A very soft sound under the George Jones: half sob, half omnipotent chuckle.

A pause.

Then a soft breeze under the door, and a whisper: "Do you renounce your old lovers?"

Jean Luc would do anything for Q but lie: "No, of course not. They taught me how to love you more clearly. If I were nothing, I couldn't love you as much."

"Then it's off, Jean Luc. Let's break up."

"Let's do no such damn thing. Q. Q," Jean Luc was genuinely angry. He rolled over and pressed his shoulder against the door, angrily hissing, "oh, how appropriate. Here I am in the Old Lonesome Leroy's section of Adam and Steve. Where you can personalize your inflatable blowup sex doll. Well, we'll just special rush order a Jean Luc Picard love toy tonight - and guess what, since you don't eat or go to the bathroom, you have no need to leave this room so we'll just lay old uninflated Jean Luc the Love Balloon out on the floor and slide him under the door. Since that's all you want. It's obvious you don't want a Jean Luc with heart and consciousness and conscience."

"Dammit, all I want *is* your heart, Jean Luc."

Aha!

"If I could reach in my scarred chest, you would have that mechanical toy in your stocking now. You would have the ripe grape clusters of my lungs, my dark mysterious slick liver, um, my intestines lying curled in wait like a tiger on the Himavant, all of me, but don't you see, you big . . ., you already have all of this. Completely. You have," Jean Luc rolled his eyes, "my manly plow, my guarded nest of duplicate eggs."

Q was quiet; Q was thinking; Jean Luc could feel it.

"I hate your past," Q said quietly.

Jean Luc calculated quickly: "Q, time is our biggest problems. You don't believe the past is past, while, to me, time is quite linear. Every second has led to the richness of this second; every second is in synapse with every other second and the next second. That's why I look so forward to the second when you'll open this damn door and we can be together."

"Only if you make some concession."

"Possibly."

"You won't renounce the women of the past?"

"No."

"Well, then, will you get fucked up with me this weekend? It could be fun."

"How fucked up?"

"Just mildly. Very minor. Just Cabernet and ibuprofen."

Jean Luc was taken aback: "Isn't that dangerous? Doesn't it cause internal bleeding?"

"You know what I say about internal bleeding, don't you, Jean Luc?"

"Mmmm?"

"I say, where better?"

"I am looking forward to getting mildly fucked up with you, my love, this weekend."

George Jones fell silent.

And then there was one of the most welcome sights ever: Four beautiful long fingers waggled under the door.

John Q woofed softly, and Jean Luc put his fingers on the fingers under the door.

"Merry Christmas, baby," said a soft drawl. "Guess where the mistletoe is now."

"Oh, Christ!" said Jean Luc, "John Q, darling, go into your room and wait for Pere Noel there while your Daddies do adult things; we'll come get you when we're through."

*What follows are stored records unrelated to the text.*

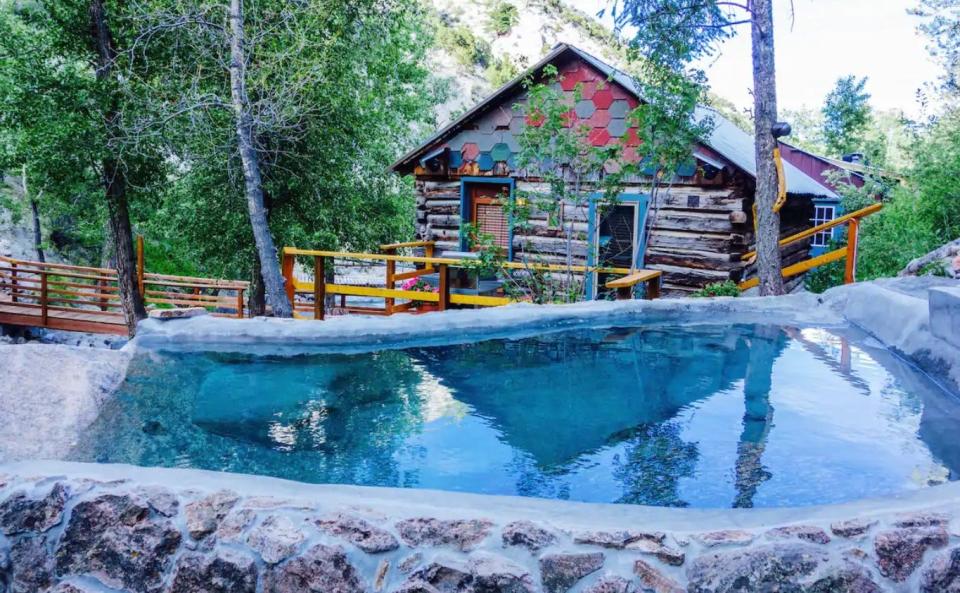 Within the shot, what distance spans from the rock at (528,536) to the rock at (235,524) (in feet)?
3.07

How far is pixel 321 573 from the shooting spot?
2609mm

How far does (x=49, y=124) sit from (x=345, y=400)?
8033 millimetres

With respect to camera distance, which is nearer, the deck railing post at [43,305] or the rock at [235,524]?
the rock at [235,524]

But Jean Luc hesitated when he opened the door; the light . . . the light was so strange. And he looked over: there was Q, a new Q, under a photographer's lights and white umbrella, with a little smile on his face. He was tan, and goateed, and oiled like a body builder, nearly naked in black briefs and wearing a white sailor cap back on his head. Oily black locks fell to his forehead, and enchantingly he had a blue anchor tattooed on his forearm.

Every cell in Jean Luc's body became erect; leaning against the wall, with one elegant hand on a smooth tan thigh, Q looked at him with his lips parted and then bit his lower lip: "Get it out and get it up, sailor."

Jean Luc looked down; he was dressed the same way, except his little sailor hat was cocked towards the front of his head.

He ran his hand over his chest: soft, moist.

Q began to pose a bit; "do you like this?"

Jean Lou looked at his forearm; he also had an anchor tattooed there.

"I'm in shock; you'll . . . have to . . ." and Q was beside him and then they were pressing against one another; he could feel Q's largeness, damp and velvet, thrusting against him and he saw Q's eyes were closed.

"Where's your big thing?" Q whispered.

"Q," Jean Luc gasped, pushing against him: "here. Here." Q began to caresses him singlemindedly. And Jean Luc began to scream softly: "don't stop."

And Q pulled Jean Luc's briefs down to the top of his thighs and Jean Luc did the same to Q. And then they rubbed against each other, but the kiss was more important to Jean Luc. Q's large soft lips covering his, his soft sweet tongue inside his mouth, for the thousandth time, the millionth? And then Q's hands moved to his buttocks and between them and Q pulled back and moved his large hand to Jean Luc's face - Jean Luc took one finger in his mouth and licked it and then Q took the finger and moved it back to Jean Luc's buttocks and inside him. Arrgh.

And Jean Luc grasped Q in the same place.

Q pulled his head back: "I nailed this chair to the floor: it's the Chrome Dinette Chair of Love."

And Jean Luc sat down and Q pulled his briefs off; now he was nothing but tattoo, oil, and sailor cap, and Jean Luc moved to the edge of the chair (clever of Q to nail it to the floor) and Q straddled him and Jean Luc was in him and they began to move together and Jean Luc found he could not think or breathe anymore. He felt his sea-flavored blood crash his body with each thrust and each whimper of Q who started to laugh and then grunt and then whimper again and then Q began to pinch his neck and they moved faster and faster, and Q whispered, "baby, can you jerk me off?" and Jean Luc grabbed Q and pulled him and pulled him and then their position was perfect: Jean Luc leaning back, briefs around his ankles, with the naked Q on him and sinking again and again against Jean Luc and then Q groaned and Jean Luc felt him pulse in sequence with their heartbeats and Q came on his hand and Jean Luc gasped -- everything but sensation had disappeared -- and plunged into Q until Q screamed and then he came.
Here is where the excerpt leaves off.